If the testing pyramid is still confusing, let me offer one more illustration.

Some people contrast the testing pyramid to an inverse pyramid (also called an ice-cream cone setup). There we have many end-to-end tests that run very slowly trying to cover many flows and edge cases of the application and far fewer unit tests.

The problem with an ice-cream cone setup is that our tests run very slowly, and it’s a sign that we’re testing deeply nested logic through high-level integration tests.

Phoenix testing pyramid

In Phoenix, I apply the testing pyramid guide like this.

A pyramid with three levels. Top level: End-to-end tests. Middle level: Core app tests: Bottom level: Unit tests. Arrow on the left going from top to bottom. At the top it has more integration. At the bottom it has more isolation. Arrow on the right going from top to bottom. At the top slower. At the bottom faster.

Top level: end-to-end tests (typically running through the UI)

If you are using LiveView, this could be a LiveView test. But we need to differentiate between a test that’s only testing UI logic and one that’s testing an end-to-end flow.
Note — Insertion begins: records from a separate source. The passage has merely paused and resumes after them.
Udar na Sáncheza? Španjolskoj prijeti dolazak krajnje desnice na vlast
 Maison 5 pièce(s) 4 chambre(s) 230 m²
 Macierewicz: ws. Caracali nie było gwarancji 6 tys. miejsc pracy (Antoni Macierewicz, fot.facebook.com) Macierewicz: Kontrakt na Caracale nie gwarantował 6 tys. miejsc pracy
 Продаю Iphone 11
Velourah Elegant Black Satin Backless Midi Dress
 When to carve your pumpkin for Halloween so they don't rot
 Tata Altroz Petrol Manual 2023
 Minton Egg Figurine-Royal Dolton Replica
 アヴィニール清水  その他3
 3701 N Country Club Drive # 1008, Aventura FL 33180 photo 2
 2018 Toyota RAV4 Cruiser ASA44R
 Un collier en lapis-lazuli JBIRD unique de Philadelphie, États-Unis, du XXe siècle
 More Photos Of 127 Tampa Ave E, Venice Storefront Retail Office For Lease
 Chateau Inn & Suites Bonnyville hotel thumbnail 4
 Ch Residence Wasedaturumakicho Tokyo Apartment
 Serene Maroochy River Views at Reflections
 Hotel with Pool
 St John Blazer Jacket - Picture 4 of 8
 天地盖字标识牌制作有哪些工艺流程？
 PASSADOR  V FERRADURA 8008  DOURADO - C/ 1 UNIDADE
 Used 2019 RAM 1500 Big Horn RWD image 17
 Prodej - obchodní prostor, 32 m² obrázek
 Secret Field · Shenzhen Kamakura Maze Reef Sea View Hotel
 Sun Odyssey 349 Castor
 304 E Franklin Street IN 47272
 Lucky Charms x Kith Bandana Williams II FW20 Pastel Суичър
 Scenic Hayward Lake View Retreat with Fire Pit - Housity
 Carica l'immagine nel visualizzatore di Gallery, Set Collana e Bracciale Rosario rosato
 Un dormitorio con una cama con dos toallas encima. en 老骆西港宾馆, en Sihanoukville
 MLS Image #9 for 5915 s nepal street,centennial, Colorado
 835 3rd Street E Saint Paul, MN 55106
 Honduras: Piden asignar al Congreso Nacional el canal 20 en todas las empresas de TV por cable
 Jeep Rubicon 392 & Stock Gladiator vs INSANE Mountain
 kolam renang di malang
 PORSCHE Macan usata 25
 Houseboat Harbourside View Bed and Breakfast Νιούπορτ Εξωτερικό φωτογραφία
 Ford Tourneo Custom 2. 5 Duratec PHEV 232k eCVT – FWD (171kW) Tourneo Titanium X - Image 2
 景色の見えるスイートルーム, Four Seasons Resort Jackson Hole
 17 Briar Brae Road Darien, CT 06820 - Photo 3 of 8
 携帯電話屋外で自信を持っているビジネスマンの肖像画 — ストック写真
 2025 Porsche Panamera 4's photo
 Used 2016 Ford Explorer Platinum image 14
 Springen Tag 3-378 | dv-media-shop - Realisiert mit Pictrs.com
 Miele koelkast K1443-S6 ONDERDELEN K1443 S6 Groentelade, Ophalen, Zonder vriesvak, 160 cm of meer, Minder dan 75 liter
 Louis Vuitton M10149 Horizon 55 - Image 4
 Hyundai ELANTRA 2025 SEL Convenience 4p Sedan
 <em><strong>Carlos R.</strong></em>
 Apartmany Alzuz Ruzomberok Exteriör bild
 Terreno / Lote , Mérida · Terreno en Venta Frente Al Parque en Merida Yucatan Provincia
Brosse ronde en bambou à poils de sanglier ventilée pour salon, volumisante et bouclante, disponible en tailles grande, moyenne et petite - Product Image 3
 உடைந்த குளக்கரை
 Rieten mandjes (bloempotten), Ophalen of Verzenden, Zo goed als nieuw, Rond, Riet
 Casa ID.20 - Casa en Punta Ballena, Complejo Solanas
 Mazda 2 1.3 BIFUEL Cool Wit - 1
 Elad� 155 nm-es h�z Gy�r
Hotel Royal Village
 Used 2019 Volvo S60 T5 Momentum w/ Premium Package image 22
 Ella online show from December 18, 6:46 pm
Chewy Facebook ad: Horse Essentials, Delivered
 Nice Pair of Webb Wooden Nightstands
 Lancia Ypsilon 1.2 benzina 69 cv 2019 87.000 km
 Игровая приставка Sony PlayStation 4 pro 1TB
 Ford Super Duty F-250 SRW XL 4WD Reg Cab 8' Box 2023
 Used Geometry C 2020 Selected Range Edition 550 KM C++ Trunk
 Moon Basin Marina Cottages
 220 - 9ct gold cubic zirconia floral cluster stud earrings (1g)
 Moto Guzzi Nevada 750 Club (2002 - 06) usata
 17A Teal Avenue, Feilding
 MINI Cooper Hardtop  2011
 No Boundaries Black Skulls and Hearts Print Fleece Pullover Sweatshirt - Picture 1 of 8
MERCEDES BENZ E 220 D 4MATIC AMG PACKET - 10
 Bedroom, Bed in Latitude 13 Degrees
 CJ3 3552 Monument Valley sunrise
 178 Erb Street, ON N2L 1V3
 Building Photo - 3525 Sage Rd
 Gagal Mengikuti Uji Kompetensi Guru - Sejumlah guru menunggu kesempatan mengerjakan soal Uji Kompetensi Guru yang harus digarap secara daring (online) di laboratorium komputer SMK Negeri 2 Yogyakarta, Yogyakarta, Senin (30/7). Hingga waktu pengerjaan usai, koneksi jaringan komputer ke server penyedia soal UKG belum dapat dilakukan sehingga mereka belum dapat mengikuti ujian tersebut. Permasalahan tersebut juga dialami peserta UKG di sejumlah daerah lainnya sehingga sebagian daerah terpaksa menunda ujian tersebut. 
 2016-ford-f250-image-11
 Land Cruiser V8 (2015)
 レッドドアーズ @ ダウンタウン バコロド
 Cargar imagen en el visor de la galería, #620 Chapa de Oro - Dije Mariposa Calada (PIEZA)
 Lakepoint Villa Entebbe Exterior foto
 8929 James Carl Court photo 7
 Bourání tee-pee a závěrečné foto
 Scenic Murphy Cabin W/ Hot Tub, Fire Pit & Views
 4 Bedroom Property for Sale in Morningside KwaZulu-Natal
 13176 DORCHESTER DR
At the top of the pyramid, we have end-to-end LiveView tests.

If you’re not using LiveView, we can do end-to-end testing with Wallaby. Wallaby manages a web driver, so the tests actually execute pieces of the UI through a web driver such as chromedriver.

Those top-level tests exercise the entire app, starting with the UI, navigating through pages, clicking on buttons and links, and ensuring flows work as expected.

The tests are slow, and unfortunately, sometimes brittle. For example, Wallaby tests can fail because some JavaScript in our page takes too long or triggers events in weird ways.

That makes running and maintaining the tests expensive. Therefore, we want fewer of them. Note that we still want some, just not as many as in the pyramid’s lower-levels.

I practice, I always test from the outside-in. So, I start work with a feature test at the top level. But I avoid testing every conditional path through the feature test. The test ensures that my components are integrated correctly, and that the core user experience is correct. But I leave more fine-grained testing to lower level tests.

Middle level: integration test at the app boundary

In Phoenix apps, we typically separate Phoenix’s web layer from the core of our app. Phoenix 1.3 pushed developers in that direction with the introduction of Phoenix Contexts.

That separation is visible in our controllers and our live views handle_event/3 callbacks. We place our controllers and live views in our myapp_web directory. But they call our app’s core modules and functions that live in the myapp directory.

That directory difference outlines a clear boundary, and that’s the seam where I define the middle level of the testing pyramid.

Thus, the middle-level tests are integration tests that test the behavior of our core app (away from the delivery mechanism). I believe that’s the same function Service Level tests had in the original testing pyramid.

Since these tests don’t need a web driver to click through a browser, they run faster. And since they’re testing the core of our app, we can write them at a more granular level. They’re still coarser than unit tests, but we can test a lot more.

For example, I test each public function that is exposed to the outside world, checking for both the happy and sad paths. That ensures that our core app’s is working as expected, regardless of how we’re delivering those results to our end users.

Bottom level: unit tests

At the bottom level we find our unit tests. They should test individual units of logic, and since they’re fast, we can write as many of them as we want.

What qualifies as a “unit of logic” is up for debate. Some people say it’s one isolated function. Others say the function can call dependent modules so long as it’s a conceptual unit of logic. I think both are fine.

Whatever “unit of logic” means, that’s the place to write fine-grained tests. I typically write several tests for every function: testing happy paths, sad paths, edge cases, and conditional logic. In short, that’s where we write all the tests that ensure the function behaves as expected under normal and abnormal conditions.